- Directed by: Erik Gustavson
- Written by: Jostein Gaarder (novel) Petter Skavlan (writer)
- Produced by: John M. Jacobsen Oddvar Bull Tuhus
- Starring: Silje Storstein Tomas von Brömssen Andrine Sæther Nils Vogt
- Cinematography: Kjell Vassdal
- Music by: Randall Meyers
- Release date: 6 August 1999 (Norway);
- Running time: 113 minutes
- Country: Norway
- Language: Various
- Budget: $10 million
- Box office: $1.3 million (Norway)

= Sophie's World (film) =

1999 Norwegian adventure film

Sophie's World (Sofies verden) is a 1999 Norwegian drama–adventure film directed by Erik Gustavson and starring Silje Storstein as Sophie. It is an adaptation of the 1991 novel of the same name by Jostein Gaarder. Upon its release in 1999 it was the most expensive film to date in Norway.

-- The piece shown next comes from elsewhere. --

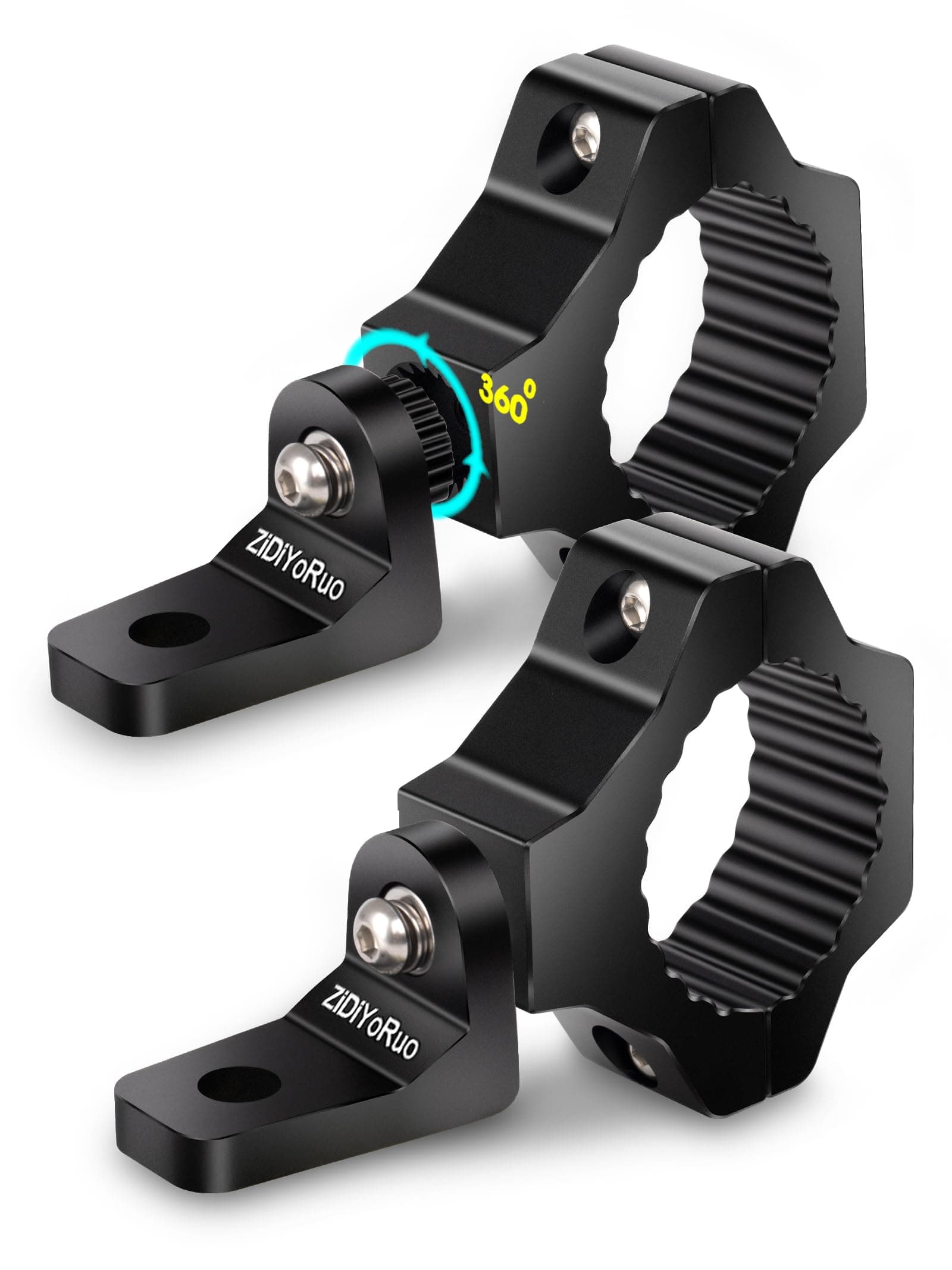 Light Bar Mounts - 360° Rotation Mounts for Roll Bars, Mounting Fog/Driving/Work LED Lights on UTV, Jeep, Truck(1.75"-2" Bars) - for Off-Road Adventure & Farm/Ranch Night Work (2pcs)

It has since been released on DVD dubbed into German. An English-subtitled DVD was released in 2005 in the UK and, likewise, a Dutch-subtitled DVD was released in the Netherlands.

==Cast==
- Silje Storstein as Sofie Amundsen / Hilde Møller Knag
- Tomas von Brömssen as Alberto Knox
- Andrine Sæther as Sofie's mother
- Bjørn Floberg as Major Albert Knag
- Hans Alfredson as Socrates
- Nils Vogt	as Lærer Jacobsen
- Minken Fosheim as Hilde's mother
- Edda Trandum Grjotheim as Jorunn
- Arne Haakenaasen Dahl as Georg / Mischa / Giovanni
- Sullivan Lloyd Nordrum as Jørgen
- Kjersti Holmen as Fru Johnsen
- Jon Eivind Gullord as the guide in Greece

==Box office==
The film was the second highest-grossing Norwegian film for the year with admissions of 200,000 and a gross of 9.4 million Krone($1.3 million).